Projects

Here are a couple of interesting projects I've worked on! More to come...



Reddit Comment Parser

Responsive image

Over the summer, I wrote a Reddit parser to parse through all comments to detect a certain link. The link is similar to a Rick Roll, or Darude Sandstorm for something a bit more modern, where the joke is purposely misleading the recipient. So the goal of the project was to detect when this reddit link is used to improperly direct someone. In short, the bot had to read through all new comments; detect when a certain link is used; check if the link text (human readable section) is misleading; and reply if so.

I did this in Python, because there was a nice library available: PRAW. PRAW handles most of the REST calls, allow us to deal directly with comment objects. By design, the PRAW API only returns a maximum of 100 comments at a time.
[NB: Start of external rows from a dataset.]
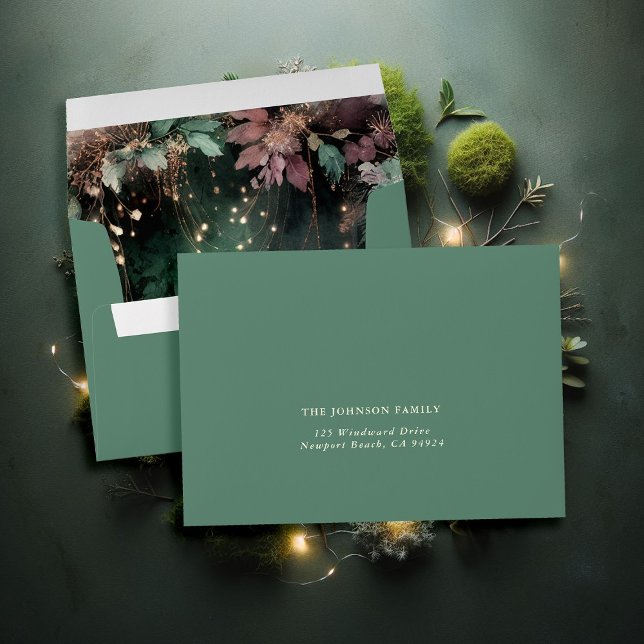 Enchanted Forest Greenery Arch Fairy Baby Shower Envelope (enchanted forest envelope emerald green mauve purple fairytale foliage magical fairy faerie woodland)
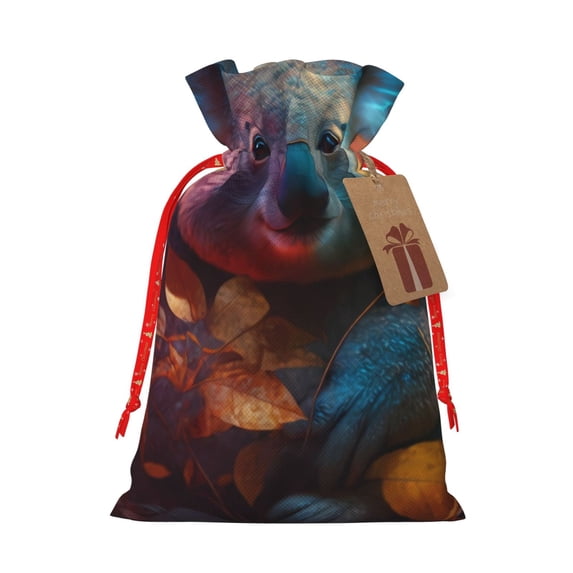 Naloa Forest Koala Drawstring Christmas Bags, 3D Xmas Gift Bags, Christmas Wrapping Bags, Xmas Goodie Bags, Treat Pouch Bags, Party Favor Bags-Medium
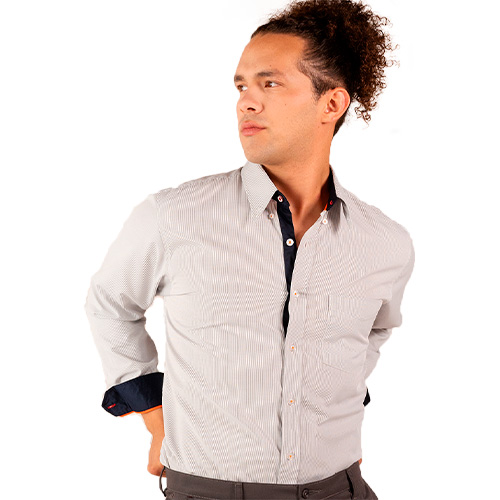 CAMISA MAG MIL RAYAS CABALLERO MANGA LARGA - Artículos Promocionales MAS RECIO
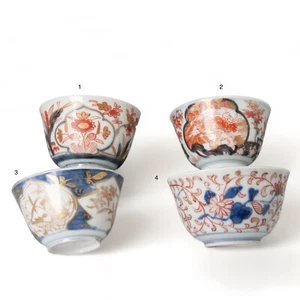 4 Japanese Imari tea bowls, 18th century. - Picture 1 of 18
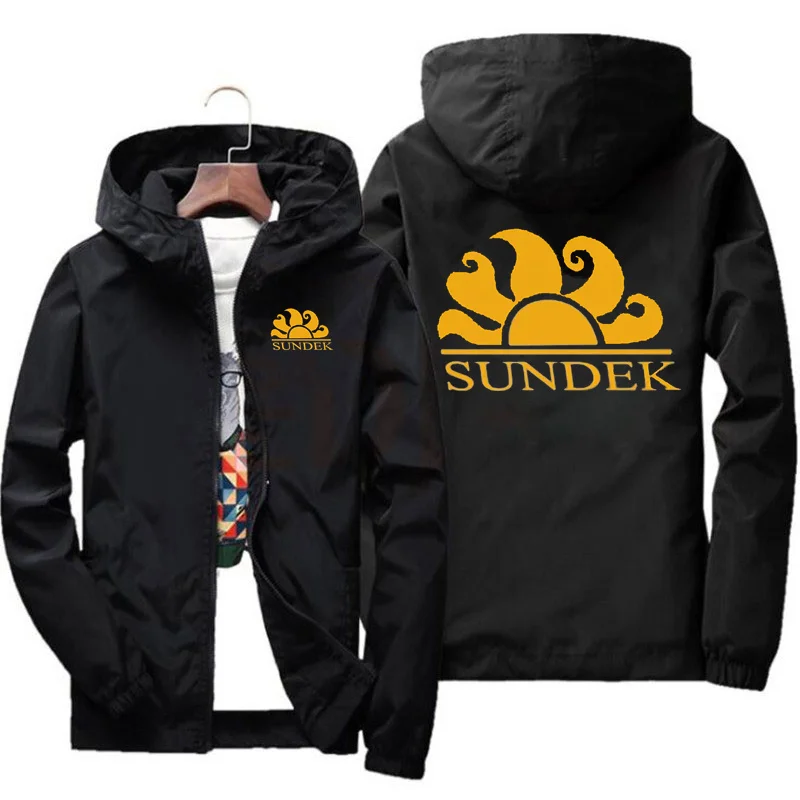 

Fashion Men'S New SUNDEK Letter Pattern Printing Hooded Diving Jacket Zipper Coat Coat Jacket Loose Casual Jacket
Since it is assumed that this link can appear within any subreddit, this means we must constantly parse through the most recent comments and quickly decide what to do with each comment. Luckily, PRAW handles the API calls and will wait if we are making calls too frequently. Using regular expressions we can parse through each comment's text in a relatively quick manner.
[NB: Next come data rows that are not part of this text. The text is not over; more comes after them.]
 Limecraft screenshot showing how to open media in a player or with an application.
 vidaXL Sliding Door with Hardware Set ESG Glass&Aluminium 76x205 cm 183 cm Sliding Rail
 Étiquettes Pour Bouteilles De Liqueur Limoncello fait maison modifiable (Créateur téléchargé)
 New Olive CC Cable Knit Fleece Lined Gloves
That's all well and good, but we want to minimize the time of each loop to avoid missing comments. One way I have done so is by keeping a list of previously processed comments. To avoid the list becoming too big, I implemented a queue with over 100 elements. When the queue is full, the oldest element is deleted. If the queue is less than or equal to 100- the number of comments that PRAW can pull in one go- AND the list of comments is the same between runs, the queue will have deleted a repeated comment by the time we have reached it. This will result in the program processing a repeated comment again.

After all processing, we have to send a reply to the comments that need it. To not completely spoil the fun, I decided to wait 5 minutes before sending a response. This is done by working with the asynchronous IO library or asyncio for short. This library can get very complicated, but all I am using it for is a nonblocking wait period. It might be interesting to take a further look into the asyncio library, since before I was using threading options instead.